We studied modulatory effects of the cholinergic system on the activity of sensorimotor cortex neurons related to realization of an instrumental conditioned placing reflex. Experiments were carried out on awake cats; multibarrel glass microelectrodes were used for extracellular recording of impulse activity of neurons in the sensorimotor cortex and iontophoretic application of synaptically active agents within the recording region. The background and reflex-related activity was recorded in the course of realization of conditioned movements, and then changes of spiking induced by applications of the testing substances were examined.

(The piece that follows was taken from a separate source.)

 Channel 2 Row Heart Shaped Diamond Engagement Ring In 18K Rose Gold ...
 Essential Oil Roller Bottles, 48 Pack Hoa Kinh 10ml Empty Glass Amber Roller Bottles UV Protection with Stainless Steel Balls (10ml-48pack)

Applications of acetylcholine and carbachol resulted in increases in the intensity of impulse reactions of neocortical neurons evoked by presentation of an acoustic signal and in simultaneous shortening of the response latencies. An agonist of muscarinic receptors, pylocarpine, exerted a similar effect on the evoked activity of sensorimotor cortex neurons. Blockers of muscarinic receptors, atropine and scopolamine, vice versa, sharply suppressed impulse reactions of cortical neurons to afferent stimulation and simultaneously increased latencies of these responses. Applications of an agonist of nicotinic receptors, nicotine, was accompanied by suppression of impulse neuronal responses, an increase in the latency of spike reactions to presentation of a sound signal, and a corresponding increase in the latency of a conditioned motor reaction. In contrast, application of an antagonist of nicotinic receptors, tubocurarine, significantly intensified neuronal spike responses and shortened their latency. The mechanisms underlying the effects of antagonists of membrane muscarinic and nicotinic cholinoreceptors and the role of activation of these receptors in the modulation of activity of pyramidal and non-pyramidal neocortical neurons related to realization of the instrumental motor reflex are discussed.     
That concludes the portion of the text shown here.